START PROVIDED MATERIAL

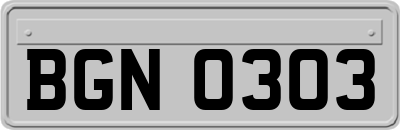BGN0303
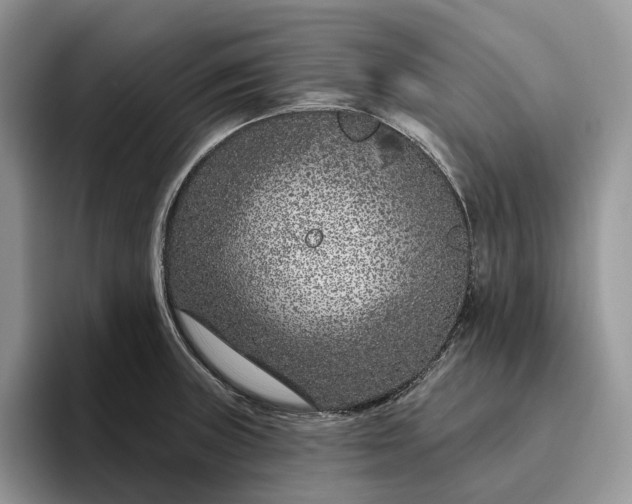 X0000095931235200801251043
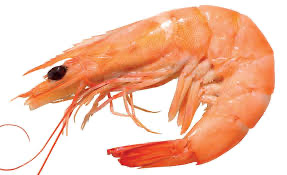 [PWC1525SC(I)] PRAWNS WHOLE COOKED 15/25 VAN S/CREST 5kg/ctn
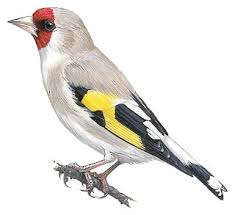 Attēlu rezultāti vaicājumam “Carduelis carduelis”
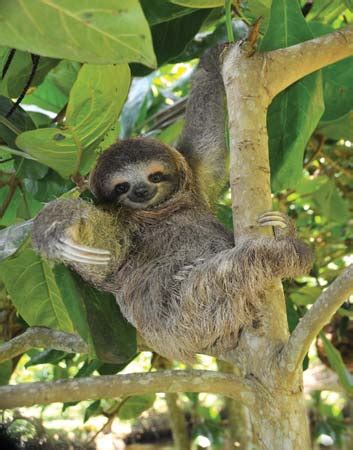 Two-toed sloth mammal Britannica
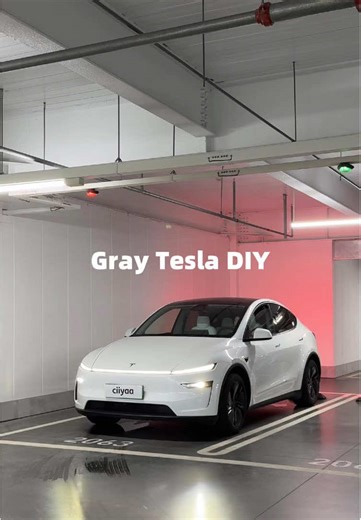 Gray Tesla DIY #tesla #teslamodel3 #teslacar #teslamotors #teslamodely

END PROVIDED MATERIAL

WHAT IS EXPECTED:
Line by line, return the listing above exactly, leaving out its pictures.

REPLY TO THE TASK:
BGN0303
 X0000095931235200801251043
 [PWC1525SC(I)] PRAWNS WHOLE COOKED 15/25 VAN S/CREST 5kg/ctn
 Attēlu rezultāti vaicājumam “Carduelis carduelis”
 Two-toed sloth mammal Britannica
 Gray Tesla DIY #tesla #teslamodel3 #teslacar #teslamotors #teslamodely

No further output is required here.